I could go on with examples but you can find them all over the web, just search "DRM" and away you go. Bottom line is that almost all methods of DRM are broken and seriously anti-consumer but, if we don't do something, DRM is going to be the standard for eBooks. If that happens, we will be losing much more than the smell of paper and the feel of a book in our hands. We'll be losing our real ownership of our libraries. So, if you can avoid it, don't patronize _any_ eBook business or format that is supportive of DRM. Furthermore, don't buy any eReader that doesn't cleanly support multiple, non-DRM formats (which cuts out the Kindle). Over the next ten years, what is going to count is the dollars. If publishers see that sales of DRM-protected eBooks are poor compared to non-protected formats, then they'll respond, but if everyone jumps on the Kindle-style, DRM-protected, single-supplier model, we're screwed.

Some Things to Do If You Want to Be a Smart EBook Buyer

1) Buy non-DRM (what are sometimes called "multi-format") eBooks wherever possible.

2) Be smart about the hardware you buy. Either -

a) If you're going to buy a dedicated eBook reader (i.e. one with the nice, new low-power white screens) buy either a Sony eReader or the iLiad from iRex . Of the two, the iLiad is expensive ($600 to $700) but it cleanly supports a wide range of non-DRM formats (including Mobipocket, PDF and even HTML, but not EPUB, yet) as well as having a touchscreen. The Sony, on the other hand, is half the price and works almost as well.

b) Best of all, use a non-dedicated device like a Palm PDA, an iPhone or iPod Touch, or even a laptop or palmtop computer in conjunction with the reader software of your choice. You'll end up with a more useful piece of hardware and completely avoid supporting hardware that is tied to DRM schemes.

3) Support sellers who are opposed to DRM like Baen Books or Fictionwise.Com . Fictionwise's business model is especially nice in that, once you have an account, they maintain a virtual bookshelf for you. In practice that means you can go to their site anytime and re-download anything that you've purchased from them in any format that is available. And you can do this an unlimited number of times. They do sell DRM-protected titles and so this "bookshelf" model is not flawless, but it's still a very fair business plan and one that I'd like to see used by more companies in this business.

4) Backup your eBooks. I can't stress this enough. If you aren't dealing with a seller like Fictionwise who will preserve your download rights, when your computer's hard drive goes, you'll lose all your eBooks. Please note that I say "when" the hard drive goes, not "if". Imagine what it would be like if a single, nearby lightning strike could disintegrate all your beloved, physical books? You would take steps to protect them, right?

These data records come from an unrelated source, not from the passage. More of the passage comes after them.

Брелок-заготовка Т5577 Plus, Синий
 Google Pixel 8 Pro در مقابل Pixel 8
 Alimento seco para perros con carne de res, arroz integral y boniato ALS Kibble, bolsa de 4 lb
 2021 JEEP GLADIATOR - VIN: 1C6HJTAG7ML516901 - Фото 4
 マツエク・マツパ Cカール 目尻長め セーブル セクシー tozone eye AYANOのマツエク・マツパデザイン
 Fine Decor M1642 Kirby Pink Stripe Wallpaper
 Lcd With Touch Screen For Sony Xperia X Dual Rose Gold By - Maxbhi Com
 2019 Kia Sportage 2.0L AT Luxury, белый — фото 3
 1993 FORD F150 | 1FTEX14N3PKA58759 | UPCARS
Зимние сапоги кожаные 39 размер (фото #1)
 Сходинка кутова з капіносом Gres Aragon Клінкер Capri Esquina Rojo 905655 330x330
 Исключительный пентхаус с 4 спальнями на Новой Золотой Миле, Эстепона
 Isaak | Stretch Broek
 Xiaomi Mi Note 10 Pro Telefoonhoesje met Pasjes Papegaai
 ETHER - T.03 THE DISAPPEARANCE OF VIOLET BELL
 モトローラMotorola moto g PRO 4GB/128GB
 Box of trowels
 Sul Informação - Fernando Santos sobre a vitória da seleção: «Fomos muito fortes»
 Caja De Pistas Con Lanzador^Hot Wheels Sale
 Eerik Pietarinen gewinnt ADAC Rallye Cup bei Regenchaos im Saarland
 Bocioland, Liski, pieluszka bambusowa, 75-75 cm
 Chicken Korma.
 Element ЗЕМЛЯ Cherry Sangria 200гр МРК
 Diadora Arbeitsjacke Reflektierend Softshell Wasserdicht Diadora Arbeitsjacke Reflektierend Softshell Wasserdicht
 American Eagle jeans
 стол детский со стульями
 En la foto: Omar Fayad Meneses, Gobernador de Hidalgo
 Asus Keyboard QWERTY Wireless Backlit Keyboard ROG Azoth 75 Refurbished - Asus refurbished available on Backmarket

5) DON'T ILLEGALLY COPY AND DISTRIBUTE EBOOKS! Every time someone "pirates" an eBook it's one more argument for DRM. Plus, darn it, the authors and publishers worked to produce that story. They deserve to get paid for it.

Final Thought

We're moving into an age when much of our media (books, music, pictures, films) will exist solely in electronic format. If we as a society don't make smart choices, I fear that we will lose a very essential right to property. And what bothers and scares me the most is that it seems to be part of a larger movement that's been going on for at least half a century. We have been a nation of renters for years now. Even those who "own" their homes do so in partnership with the bank, and as a minority partner at that. The same goes for most people's cars. At the same time, it has become a tiny minority who own their business or who work for themselves. And now we seem to be moving into a time when we won't even own our books and music. Instead we will have some limited set of "rights" relative to those treasured possessions. Rights that are much less than true "ownership".

I'll tell you though, I'll be damned if I'll spend money supporting a business model like Amazon's eBooks, which only gives me the choice of engaging in some strange sort of "rental" of eBooks under the guise of selling me something. Hell, I'm one of the Luddites who still buys actual CDs, takes them home, and coverts them to MP3s for my iPod. At least that way, I _know_ what I own and a decision by the people at Yahoo isn't going to deprive me of my property.